Recently, I took a trip to the land of my ancestors, to my roots. When I hear the name of this land, I think of about three to five things before I recall vaguely in my head that I myself hail from this land. I think - paan, ganga, bhojpuri, old people and aashrams. And I'm not that wrong, in fact I am quite accurate. It IS unfair to generalise or to associate a city with a few keywords but it is bound to happen. A few adjectives that I missed out however can fortunately be covered because of the experiences of the last 24 hours to be exact and I shall list them as follows: paan, potholes, politics, paan, and insomnia. The last one is very much subjective, but then again, so is this post.

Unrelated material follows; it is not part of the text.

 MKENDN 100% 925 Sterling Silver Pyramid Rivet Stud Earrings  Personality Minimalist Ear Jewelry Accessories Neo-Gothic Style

It struck me, however, and not for the first time that I have been brought up very differently from anybody I know. It was like there was nothing to build on except the immediate and we had to start from scratch we actually did and we actually built something new. Foundations seem to be overrated but I guess they are in substance foundations that have just evolved and moulded and mulatto-ed and turned into something new.

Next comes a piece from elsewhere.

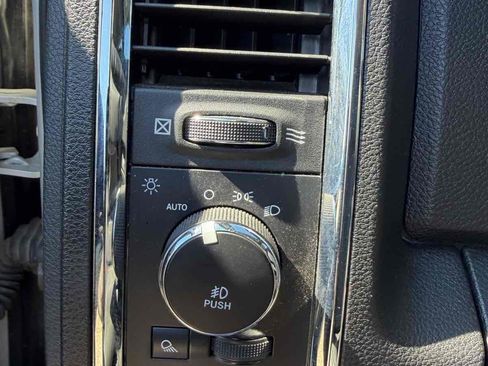 Used 2017 RAM 1500 Laramie image 22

Part of this experience did involve holding on to something and to the place where I come from, and where I SHOULD belong, and all this while while I was waiting to experience it I did not realise that I had, already. That I didn't need to because roots and ancestors might be a cause for a meaning but at the end of the day, you may live where you live and that may be anywhere, but you are who you are and you ARE the people who made you who you are.